> **TASK DIRECTIONS**
Among the entries below, find all lines that include "poster" and copy them.

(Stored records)
****

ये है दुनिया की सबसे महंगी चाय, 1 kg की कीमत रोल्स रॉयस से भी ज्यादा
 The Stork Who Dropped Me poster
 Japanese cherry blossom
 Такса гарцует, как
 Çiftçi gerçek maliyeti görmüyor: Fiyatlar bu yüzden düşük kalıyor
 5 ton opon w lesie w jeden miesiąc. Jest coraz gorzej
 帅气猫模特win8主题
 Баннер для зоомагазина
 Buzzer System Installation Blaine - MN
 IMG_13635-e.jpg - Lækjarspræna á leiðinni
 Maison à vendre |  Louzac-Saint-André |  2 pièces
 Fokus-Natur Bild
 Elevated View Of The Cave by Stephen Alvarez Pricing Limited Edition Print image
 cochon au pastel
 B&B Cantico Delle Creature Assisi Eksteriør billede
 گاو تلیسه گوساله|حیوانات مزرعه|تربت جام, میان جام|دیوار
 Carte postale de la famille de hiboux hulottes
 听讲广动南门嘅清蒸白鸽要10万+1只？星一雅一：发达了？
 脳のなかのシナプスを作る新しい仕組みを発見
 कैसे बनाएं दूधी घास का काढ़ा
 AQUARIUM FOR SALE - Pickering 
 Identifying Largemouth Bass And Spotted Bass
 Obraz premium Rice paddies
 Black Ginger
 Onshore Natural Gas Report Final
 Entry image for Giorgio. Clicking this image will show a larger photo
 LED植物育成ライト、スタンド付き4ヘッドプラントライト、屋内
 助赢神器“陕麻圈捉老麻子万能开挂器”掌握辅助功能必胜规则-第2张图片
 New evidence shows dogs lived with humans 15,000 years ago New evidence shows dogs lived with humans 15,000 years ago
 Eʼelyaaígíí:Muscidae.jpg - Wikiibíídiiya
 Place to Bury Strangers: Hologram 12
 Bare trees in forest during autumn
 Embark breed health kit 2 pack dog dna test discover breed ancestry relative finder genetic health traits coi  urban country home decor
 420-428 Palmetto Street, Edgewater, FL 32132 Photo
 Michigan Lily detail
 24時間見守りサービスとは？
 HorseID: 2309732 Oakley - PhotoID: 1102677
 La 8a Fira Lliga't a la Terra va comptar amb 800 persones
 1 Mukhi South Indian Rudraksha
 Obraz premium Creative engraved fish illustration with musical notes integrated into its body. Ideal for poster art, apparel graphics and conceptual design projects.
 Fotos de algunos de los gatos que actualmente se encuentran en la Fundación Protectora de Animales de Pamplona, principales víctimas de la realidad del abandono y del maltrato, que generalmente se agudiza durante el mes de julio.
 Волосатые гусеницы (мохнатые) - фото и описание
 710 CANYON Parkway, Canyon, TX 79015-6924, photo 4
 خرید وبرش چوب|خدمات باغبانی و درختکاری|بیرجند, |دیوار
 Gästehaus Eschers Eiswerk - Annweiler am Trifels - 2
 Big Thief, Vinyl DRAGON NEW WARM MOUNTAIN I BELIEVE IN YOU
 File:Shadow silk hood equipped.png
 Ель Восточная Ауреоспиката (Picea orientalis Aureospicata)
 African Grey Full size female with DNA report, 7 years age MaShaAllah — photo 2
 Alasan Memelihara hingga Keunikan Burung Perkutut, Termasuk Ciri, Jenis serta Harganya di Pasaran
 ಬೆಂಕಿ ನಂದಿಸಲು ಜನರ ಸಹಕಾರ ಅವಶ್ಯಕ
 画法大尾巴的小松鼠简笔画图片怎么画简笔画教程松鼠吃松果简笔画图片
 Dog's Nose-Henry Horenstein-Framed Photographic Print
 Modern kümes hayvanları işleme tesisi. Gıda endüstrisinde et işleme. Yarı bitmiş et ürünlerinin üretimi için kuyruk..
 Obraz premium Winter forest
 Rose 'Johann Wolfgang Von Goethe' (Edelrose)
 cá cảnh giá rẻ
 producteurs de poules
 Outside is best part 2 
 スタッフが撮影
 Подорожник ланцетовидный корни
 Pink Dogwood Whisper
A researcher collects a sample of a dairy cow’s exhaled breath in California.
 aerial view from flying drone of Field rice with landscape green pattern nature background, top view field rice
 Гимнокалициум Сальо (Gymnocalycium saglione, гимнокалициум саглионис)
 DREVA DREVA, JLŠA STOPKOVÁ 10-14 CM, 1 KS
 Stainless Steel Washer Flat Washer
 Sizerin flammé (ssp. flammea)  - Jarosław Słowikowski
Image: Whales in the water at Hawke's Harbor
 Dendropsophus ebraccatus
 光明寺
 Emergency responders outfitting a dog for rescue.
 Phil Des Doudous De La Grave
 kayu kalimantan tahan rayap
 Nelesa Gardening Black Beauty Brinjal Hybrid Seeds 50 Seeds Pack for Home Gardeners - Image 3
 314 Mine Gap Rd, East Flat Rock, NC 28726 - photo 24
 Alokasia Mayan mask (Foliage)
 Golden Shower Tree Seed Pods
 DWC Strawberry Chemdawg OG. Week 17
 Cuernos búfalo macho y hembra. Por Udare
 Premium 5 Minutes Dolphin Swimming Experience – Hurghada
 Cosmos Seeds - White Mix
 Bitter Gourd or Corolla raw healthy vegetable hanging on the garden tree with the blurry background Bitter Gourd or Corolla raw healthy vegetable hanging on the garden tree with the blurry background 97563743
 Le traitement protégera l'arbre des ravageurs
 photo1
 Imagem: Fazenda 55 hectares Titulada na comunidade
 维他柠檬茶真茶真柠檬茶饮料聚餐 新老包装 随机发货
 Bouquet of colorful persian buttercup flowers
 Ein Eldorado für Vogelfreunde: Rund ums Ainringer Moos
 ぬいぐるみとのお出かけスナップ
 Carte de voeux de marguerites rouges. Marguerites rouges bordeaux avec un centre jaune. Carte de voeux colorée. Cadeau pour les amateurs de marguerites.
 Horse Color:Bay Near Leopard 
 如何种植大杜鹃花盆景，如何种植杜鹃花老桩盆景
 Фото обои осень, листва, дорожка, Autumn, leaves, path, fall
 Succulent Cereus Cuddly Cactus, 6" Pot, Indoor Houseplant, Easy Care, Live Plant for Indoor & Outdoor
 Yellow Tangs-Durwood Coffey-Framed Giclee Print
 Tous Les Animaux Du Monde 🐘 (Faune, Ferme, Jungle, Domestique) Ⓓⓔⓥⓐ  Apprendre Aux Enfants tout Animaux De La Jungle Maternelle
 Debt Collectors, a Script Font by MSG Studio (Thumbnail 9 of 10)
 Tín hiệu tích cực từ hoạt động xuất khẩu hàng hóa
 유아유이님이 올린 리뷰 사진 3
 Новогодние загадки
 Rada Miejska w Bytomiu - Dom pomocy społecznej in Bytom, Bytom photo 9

****

> **OUTPUT**
 The Stork Who Dropped Me poster
 Obraz premium Creative engraved fish illustration with musical notes integrated into its body. Ideal for poster art, apparel graphics and conceptual design projects.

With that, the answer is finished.